非正規対策が女性活躍推進の肝
北摂ブロックは、2月22日、ホテル阪急エキスポパークで、自治研究会円卓会議を開きました。円卓会議は、毎年開かれており、北摂各自治体から首長や総務部長が一同に会し、自治労大阪府本部、北摂ブロック各単組と意見交換をしています。会議では、地方自治総合研究所の上林研究員が女性活躍社会にむけての自治体施策のあり方のテーマで講演しました。上林さんは、女性活躍方針計画の肝は、女性非正規労働者対策と公務の率先垂範であると前置きし「自治体は、地域の雇用・労働を改善する責務がある。また、女性非正規公務員を数多く採用しているという使用者としての責任がある」と述べ、非正規職員の待遇改善が急務の課題だと説明しました。
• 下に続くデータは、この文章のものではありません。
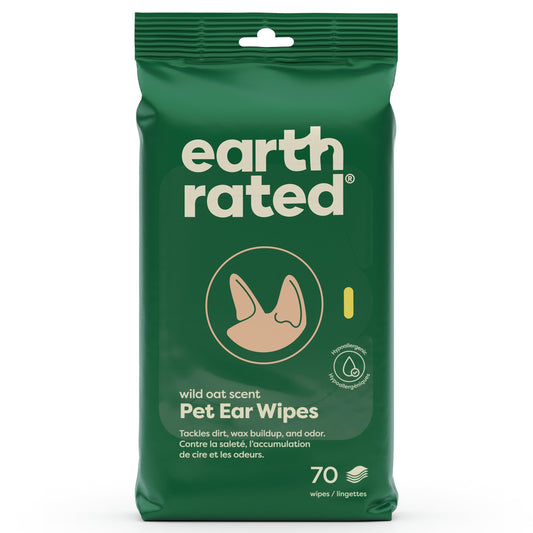 Oatmeal Scent Dog Ear Wipes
府内のある自治体では、職員全体のうち非正規職員が53%という驚くべき現状です。また、府内では女性の非正規職員の割合が、80%を超えているところも数多くあります。上林さんは「大阪に限らず、大半の自治体は女性の非正規職員にたよっている状況」とし、賃金労働条件をはじめとしたワークルールの整備が必要と強調しました。
日本の女性の就業形態の傾向として、結婚・出産・子育て期に退職する人が多い現状です。年齢別のグラフを見てもM字カーブを描いており、古くからの日本の雇用システムの弊害といえます。一方で、この年代の女性も働きたいという意欲はとても強く、現状では、再び正規労働者として働くことが難しい状況です。日本の雇用システムでは、一旦退職すると再び正規職員としての就業がしにくい環境となっています。現在、日本の就業者数の約4割が非正規労働者です。また、女性労働者の57%は非正規労働者という現状となっています。30年前に比べると、約25%も非正規率が上昇しています。この現状に上林さんは「30年間で雇用は増えたが、結局は非正規の仕事ばかりだ」と指摘しています。
女性活躍推進法では、自治体も特定事業主として行動計画を策定しなければなりません。各自治体では、担当部局の設置も求められます。国が策定した基本方針で、列挙する具体施策として、非正規労働者の処遇改善推進施策や正社員への転換支援などが盛り込まれています。「女性の非正規公務員の処遇を改善し、雇用を安定させることは、公共サービスの質量改善につながる」と上林さんは解説しています。
あいさつした濱田高槻市長(北摂市長会会長)は「女性活躍の推進が求められている。役所が見本となりモデルを示していきたい」と述べました。